ERMENİ KATLİAMININ KAN İZLERİ HALEN MİHRAPTA
Ulu Camii’nin başka bir tarihi geçmişinde de; 1918 yılında Ermeniler Kars’ın ileri gelen 280 insanını “anlaşma yapacağız” vaadiyle kandırıp yaktıkları gerçeği yatıyor. Diri diri yakılan insanların duvarlara sıçrayan kan ve yağlarının izi ise halen korunuyor. Mihrapta bile kan ve yakılan insanların yağlarının izi bulunuyor. Yine yakılan insanların kan ve yağ izlerinin bulunduğu duvarın orijinal iki taşı çerçeve içinde tutuluyor. Ermeni katliamının belgesi olan bu kalıntılar cami derneği tarafından korunuyor.

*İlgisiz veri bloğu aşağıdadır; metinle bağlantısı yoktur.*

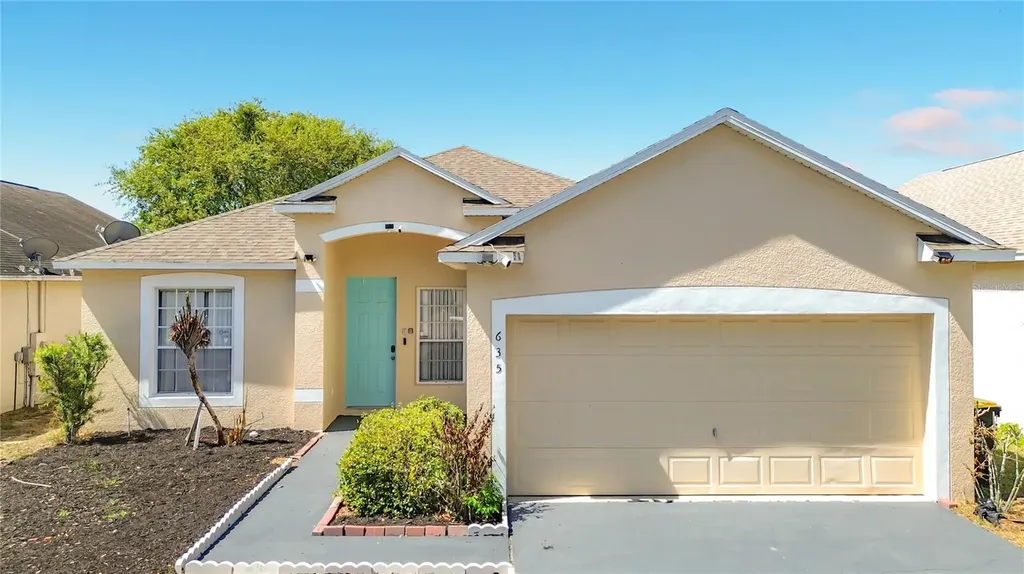 635 Knollwood Drive Davenport FL 33837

MEVLİD-İ ŞERİF OKUTULDU ŞEHİTLER İÇİN DUALAR EDİLDİ
Ulu Camii Dernek Başkanı, Türkiye Yardım Severler Derneği Kars İl Temsilcisi Yasin Aşkın Yıldırım öncülüğünde gerçekleşen ‘Ulu Camii Tanıklığında’ resim sergisinde; 1915-1918 yılları arasında Kars ve çevresindeki Ermeni katliamları ve bu katliamların ardından bıraktığı izler katılımcılara aktarıldı. Resim sergisinin gezilmesi ve Mevlid-i Şerifin okunmasından sonra cemaate şeker ve kolonya ikramında bulunuldu.

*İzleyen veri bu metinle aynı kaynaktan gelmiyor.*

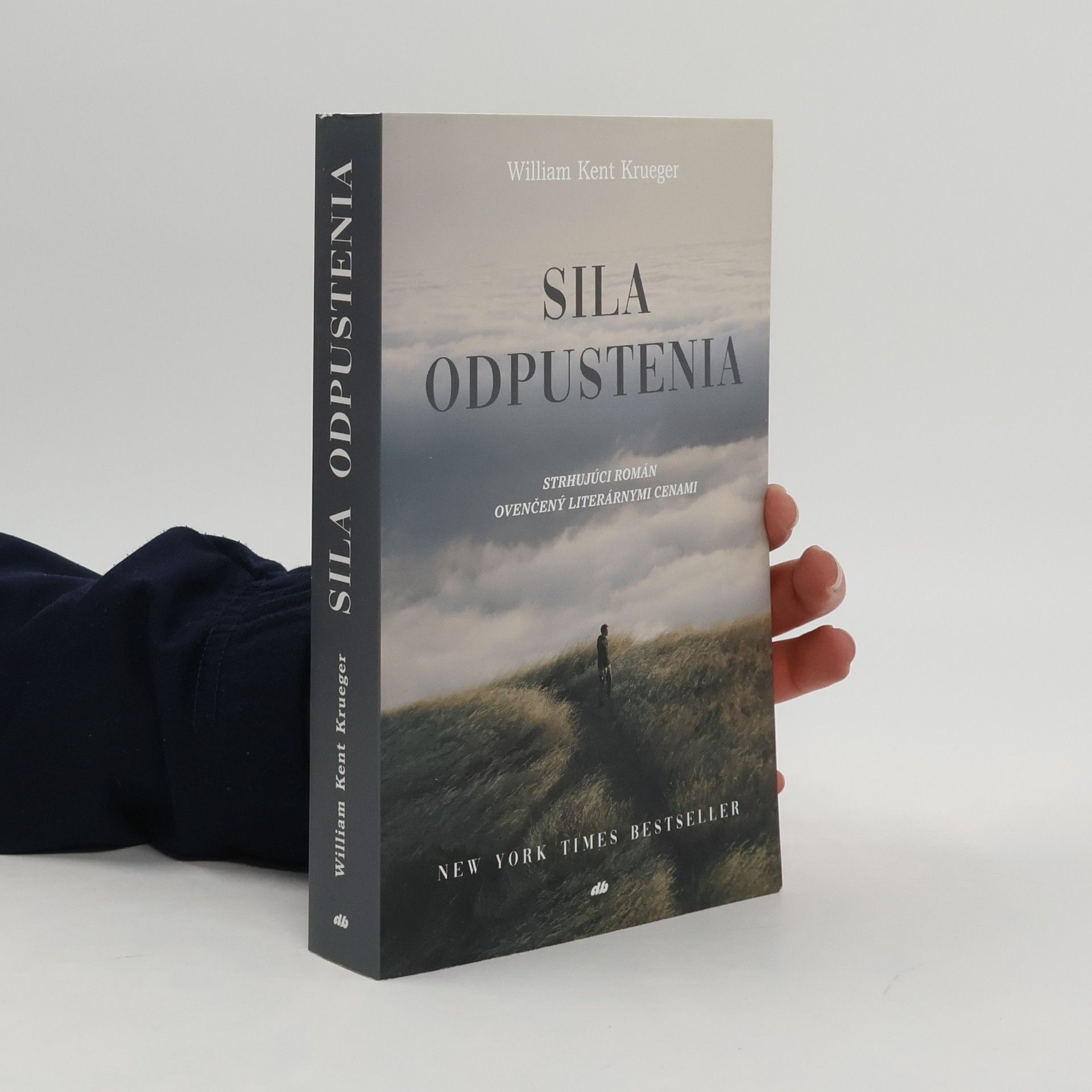 William Kent Krueger Sila odpustenia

Ulu Camii Dernek Başkanı, Türkiye Yardım Severler Derneği Kars İl Temsilcisi Yasin Aşkın Yıldırım, amaçlarının tarihin iyi bilinmesi olduğunu onun için de bu tür anma etkinlikleri düzenlediklerini söyledi. Yıldırım, “Her yıl gerçekleştirdiğimiz ruhlarına Fatihalar okuduğumuz şehitlerimiz için Mevlid-i şerif, Yasin-i şerif okumak için Ulu Camii’nin önünde toplandık. Burada maksadımız; her hangi bir devleti, milleti kötülemek değil. Yalnız gerçeklerin aydınlığa çıkması için çabalıyoruz. Onun mücadelesini yapıyoruz. Biliyorsunuz daha öncede Sayın Cumhurbaşkanımız tarihçilerden gelip Türkiye'deki arşivleri katliam yapıldığı yerdeki mevcut yerleri tespit edilmesini ve gerekenlerin yapılması için davet ettiler. Fakat hiç kimse gelmedi, bu davete uymadılar. Bizde Ermeni katliamının 102. yılında bu münasebetle ulu camide Mevlüd-i şerif ve Yasin-i şerif okutuyoruz. Allah inşallah kabul eder. Biz gerçeklerin aydınlatılması için hareket ediyoruz. Bunun için halkımızı davet ettik, sağolsunlar geldiler. Ben teşekkür ederim, sizlerin aracılığıyla bütün dünya ya duyurmak istedim” dedi.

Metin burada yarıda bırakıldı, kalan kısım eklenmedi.